JAMES REED, Insurance Industry Consultant: These drugs cost $21 to $32 locally per month. I mean, that's the cost of a movie and a dinner out once a month. It's a small amount of money to pay. If they're concerned about the pregnancy, they're buying it out of their own pockets already.
LEE HOCHBERG: He questions why insurers should cover such an expense.
JAMES REED: Most women could budget for this. The purpose of insurance is to cover events that are random, that are not budgetable, that you're... that you have little or no control over. When you buy car insurance and you're buying it for accidents, but you're not usually buying your car insurance to change your oil, and so it's the same analogy.

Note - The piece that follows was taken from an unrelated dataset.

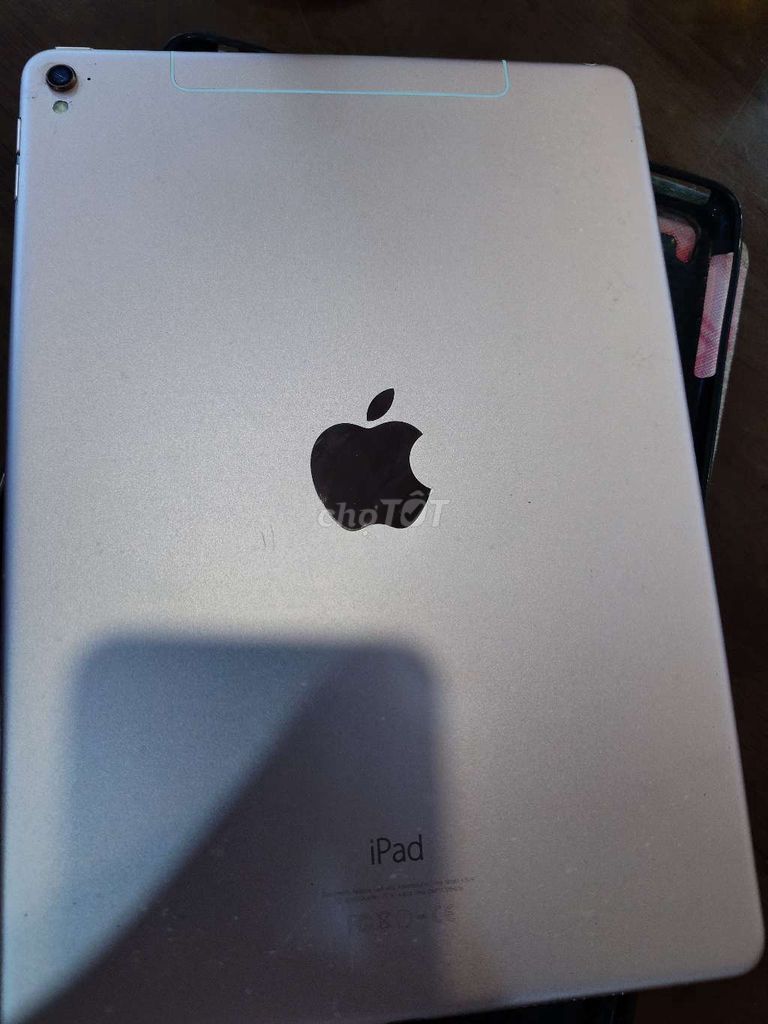 Apple iPad Pro 9.7 32GB Hồng Dùng SIM. Mua bán Máy tính bảng tại Quận Gò Vấp Tp Hồ Chí Minh được đăng bởi Le Tien hình 1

LEE HOCHBERG: Businesses say full contraceptive coverage would cost them $15 a year per employee, an amount some say they can't afford. Betty Neighbors is president of a Seattle-area temp agency with 25 mostly female employees.
BETTY NEIGHBORS, Employer: What I see is the government intruding into are area, or making a decision that is going to be cost... be costly to everyone. I don't believe the government or the courts know what's best for my employees; I do.
LEE HOCHBERG: The federal ruling in the Bartell case is the first of its kind and will set precedent in other states. But it only applies to businesses that operate their own insurance plans. It doesn't cover the big insurance companies that provide most health insurance. Another Seattle court case seeks to go farther. Psychiatrist Shulamit Glaubach is suing Washington's largest health insurance company, Regence BlueShield. She alleges companies like Regence also must provide contraceptives.
DR. SHLUMAIT GLAUBACH, Plaintiff: For me, I'm a physician, and, yes, I can afford it. But there are a lot of people out there that can't afford it, and they shouldn't have to pay for it. They're paying a premium, and they should be covered.
LEE HOCHBERG: And another lawsuit filed in October goes after the world's largest retailer, Wal-Mart. More than 600,000 female employees of the company joined a class-action suit alleging the company discriminates by covering birth control for only some of its female workforce. Some state governments also have joined the fight. Washington insurance commissioner Mike Kriedler imposed a rule that does the same thing the women are trying to accomplish in court.
MIKE KREIDLER, Washington State Insurance Commissioner: The simple fact is that if it was men who had to take contraception as opposed to women, contraception would have been covered a long time ago. We wouldn't even be having this debate.
LEE HOCHBERG: 14 states already require insurance companies to cover contraceptives; and six, including Washington State, are starting this year. Glaubach will go ahead with her suit anyway, trying to establish a permanent legal precedent. Her suit also asks Regence to reimburse women who've had to spend their own money on non- covered contraceptives.
SPOKESPERSON: Clerk will call the roll.
LEE HOCHBERG: Congress has considered a national law to require insurers to cover contraceptives, but the bill hasn't made it out of committee.